- Born: 12 November 1915 Zagreb, Austria-Hungary
- Died: 1 March 1974 (aged 58) Sarajevo, SFR Yugoslavia
- Resting place: Bare Cemetery, Sarajevo, Bosnia and Herzegovina
- Education: University of Zagreb
- Occupations: Theatre director, television director, art critic, playwright, screenwriter, classical musician
- Years active: 1939–1974
- Spouse: Desa Korenić

= Jurislav Korenić =

Yugoslav theatre and television director

Jurislav Korenić (Zagreb, October 12, 1915 – Sarajevo, March 1, 1974) was a Yugoslav theater and television director, classical musician, theorist, art critic and playwright. He founded the Chamber Theater 55 and the MESS Festival, of which he was the director. He is one of the founders of the Bosnian National Theater in Zenica. He was engaged in political theater and cabaret and was the first to direct a musical in Bosnia and Herzegovina, as well as the first to stage the works of Bertolt Brecht. He modernized the Sarajevo Opera and directed the most performed play in the history of Bosnian theatre - Ljubav. He is one of the most deserving Croats in Bosnia and Herzegovina for theater art and culture and co-authored one of the most popular Bosnian television series of all time, Karađoz.

== Biography ==
Korenić was born in Zagreb, then part of the Austro-Hungarian Empire where he graduated from a music conservatory. After that, he worked as a professional musician, playing the double bass and piano in various salon orchestras. At the start of the Second World War, he was working at the Croatian National Theatre as an inspector and prompter. Later he was an accompanist and assistant director. At the end of the war, he completed his directing studies at the acclaimed Academy of Dramatic Art in Zagreb. Soon after he changed theater house and city, moving to Rijeka where he worked at the Ivan Zajc Croatian National Theatre as secretary, accompanist, director, and manager of the opera ensemble. In 1952, his friend Boris Papandopulo invited him to Sarajevo, which he accepted. He became the director of the National Opera. Within a year, he received another academic diploma with the staging of Nikola Šubić Zrinski, in front of the examination committee chaired by the Croatian theater actor Branko Gavella. This made Korenić the first opera director in Sarajevo to have an academic degree. Even then, he received praise from theater critics, who praised his staging of this Zajc opera as immeasurably better than many of the previous ones.

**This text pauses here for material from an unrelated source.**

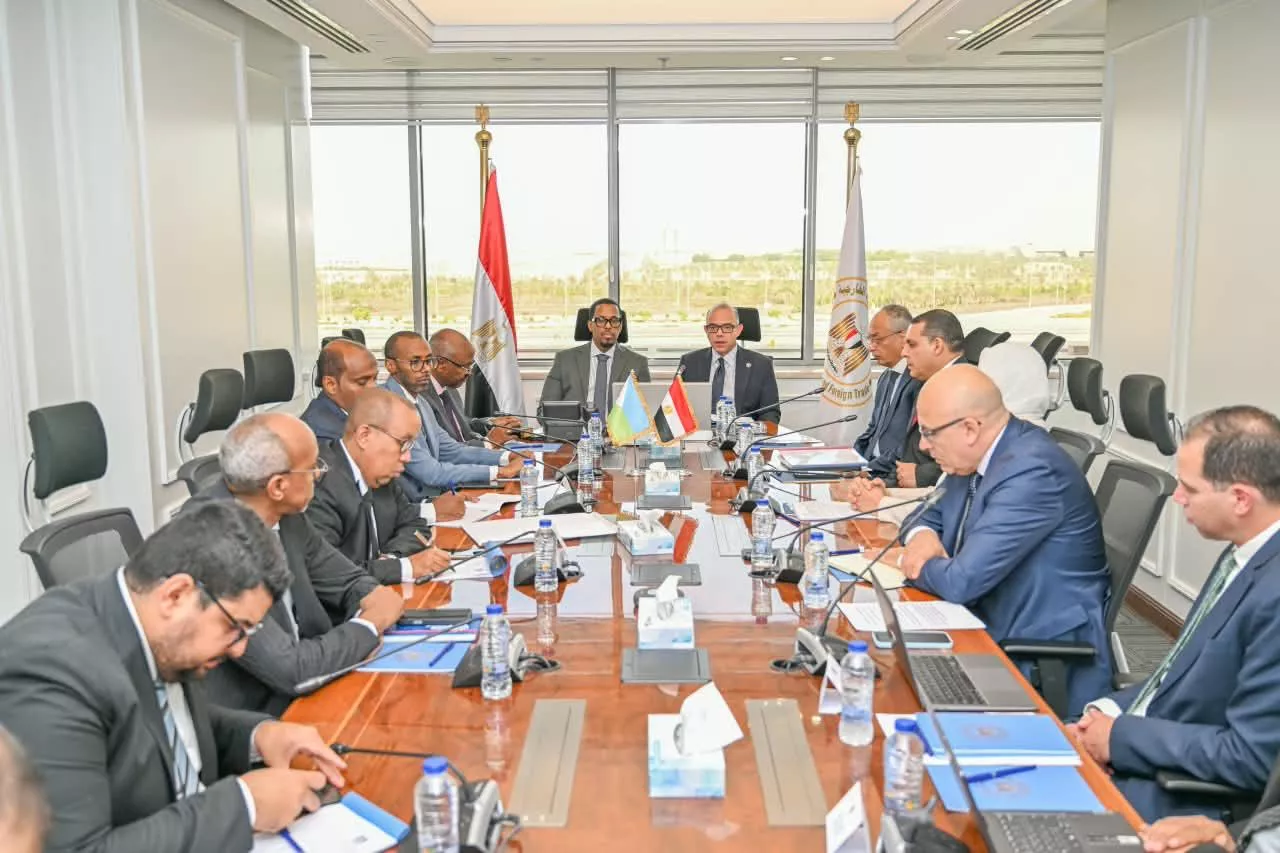 وزير الاستثمار ونظيره الجيبوتي يوقعان بروتوكول الاتفاق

In 1955, he founded Malo kazalište ("Little Theatre"), which was then the first chamber theater in Bosnia and Herzegovina and the whole of Yugoslavia at the time. It became today's Chamber Theater 55.

In 1960, he started the festival of Small Stages of Yugoslavia (MESS). In 1967, he again breathed new life into the Sarajevo theater, which was then in an artistic crisis. He co-founded the Drama Studio, which 5 years later grew into the Department of Performing Arts and Theatrology at the Faculty of Humanities, University of Sarajevo.

He held the position of director of the Little Theater until 1966. When the Sarajevo Puppet Theater lost its director and founder, Adolfo Pomezni, in 1966, Korenić became the director. He had a new stage built (today's Sarajevo Youth Theatre), and he gave the actors-puppeteers freedom of expression, accepting all ideas and asking the actors to explore the possibilities of expressing their puppets, which was testified by Ante Hrkač, one of Sarajevo's greatest actors-puppeteers.

Together with the actor Reihan Demirdžić, he started the shadow theater Karađoz-pozorište in Sarajevo, for which he wrote drama templates and directed plays, and later, based on adapted texts, the television series Karađoz was filmed by RTV Sarajevo.

In the last years of his life, he worked as a dramaturg at the Sarajevo National Theater. He died on 1 March 1974 in Sarajevo.

==Notable works==
- Massenet's Werther, 1950
- Gounod's Faust, 1951
- Leoncavallo's Pagliacci, 1952
- Verdi's La traviata, 1953
- Shakespeare's Othello, 1958
- Kafka's The Trial, 1959
- Bizet's Carmen, 1961
- Shakespeare's Romeo and Juliet, 1963
- Shaw's Pygmalion, 1966
- Brecht's Rise and Fall of the City of Mahagonny, 1968
- Januszewska's Tigriček, 1972

== Awards ==
- Zagreb City Assembly Award for culture, 1957
- Sixth of April Sarajevo Award, 1959
- Mess Festival Lifetime Achievement Award, 1966
- Yugoslav Drama Theatre Lifetime Achievement Award, 1969

== Memorials ==
- In 2018 the main square in front of the Sarajevo Youth Theatre was named after him.
- In 2016 the Chamber Theater 55 established the Days of Jurislav Korenić festival in his honour.